Scott Gerenser is a senior software engineer at Wheatstone Corp. and Andy Calvanese is vice president of technology.
One term popping up more and more in the cloud space is “containerization.” If you’re-paying attention to the trends in cloud computing, you’ve probably heard about it, or at least about the most popular container platform, Docker.
Containerization is becoming a popular alternative to virtualization for running many different applications on a single machine or cloud instance. It has many of the benefits of virtualization but without some of the downsides, which makes it useful for transitioning from a fixed-location studio to a virtual operation.
Whereas virtualization involves emulating an entire machine, including the hardware and operating system, containerization involves encapsulating one or more applications and supporting files (so called “userspace” in Linux lingo) into containers that can then run on top of a single common operating system (usually Linux).
For example, in a virtualization scenario, you might have a server running VMWare ESXi hypervisor software, upon which are four Ubuntu Linux virtual machines for Service X, two Red Hat Linux VMs for Service Y, and a couple of Windows 10 Server VMs to handle any Windows applications you have.
Using virtualization this way still provides big benefits over maintaining multiple physical machines. Administration is easier. Spinning up a new server or changing configurations of the individual VMs is much easier than tinkering with hardware. Communication between the VMs is very fast and efficient.
The downside, as compared to containerization, is the relatively large overhead associated with virtualization. This is because each VM is running a complete OS kernel, each with their own dedicated memory and each using up a percentage of your CPU to mostly do a lot of the same things.
Containerization, by comparison, also allows the running of a number of different isolated services on one machine, but within containers rather than full virtual machines.

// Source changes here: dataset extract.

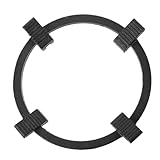 SHOWERORO Gasherd Topfträger aus Rostfreiem Rutschfest und Formstabil für Kleinere Töpfe und Pfannen Einfache Montage Sicherer Halt für Küchenherde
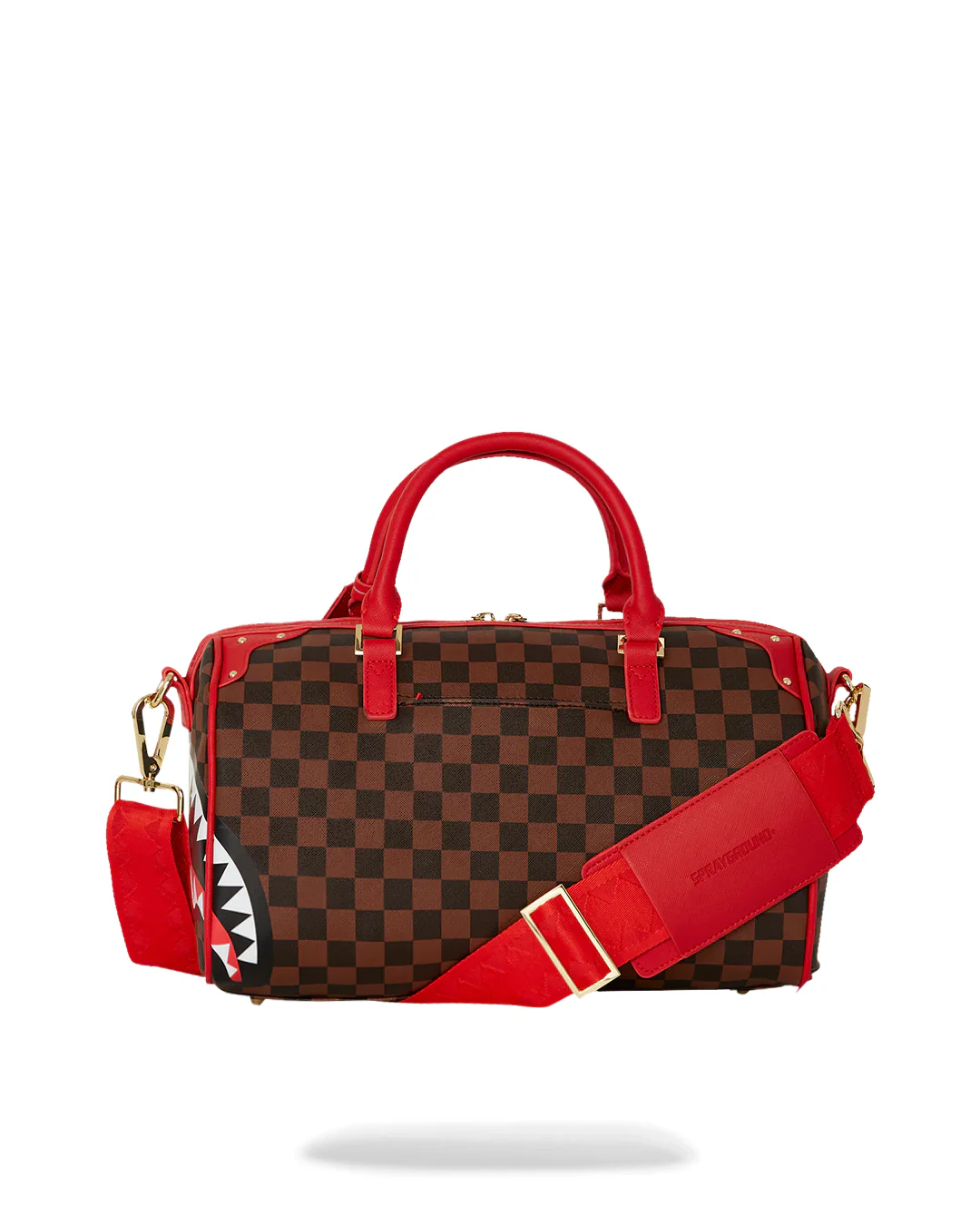 Red Sharks In Paris Box  Mini Duffle - Image 6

Conceptually, a container can be thought of as a very lightweight, resource efficient VM. One container could host WheatNet-IP audio drivers and audio playback software, while another could host the station automation system, each totally isolated yet run off the same OS kernel.
Because each container operates independently of the others, you can avoid unintended interactions between software components and eliminate a single point of failure. Each application or container communicates with the others only through their defined APIs.
The container virtualization layer is extremely flexible and can scale up to meet rising demand for any of the services. Once you define what services are running in one or more containers, it’s possible to move those containerized services between on-premise machines and the public cloud. This allows you to more easily scale services locally at your regional studio or in a cloud provider such as AWS or Azure.
And unlike with virtualization, there is no extra supervisory overhead to contend for resources, and containerization platforms are even able to run on top of virtualization platforms.
This last point is critical for long-term planning, since Amazon, Microsoft and other public cloud providers are already running hypervisor software on their cloud instances. Attempting to add your own VM hypervisor on top of a cloud provider’s machine instance may work poorly, or not at all. Containers, by contrast, work well on just about all the cloud providers and instance types. Most providers even offer tools to make it easy to manage and coordinate your containers running in their cloud.
Fundamentally, containerization and virtualization are two different ways of doing the same thing. Having several containers running separate services pushed up to a cloud won’t solve issues such as communication latency over the internet, but it will offer some added security protection and flexibility, and let you allocate resources more efficiently, which is the point of the cloud, after all.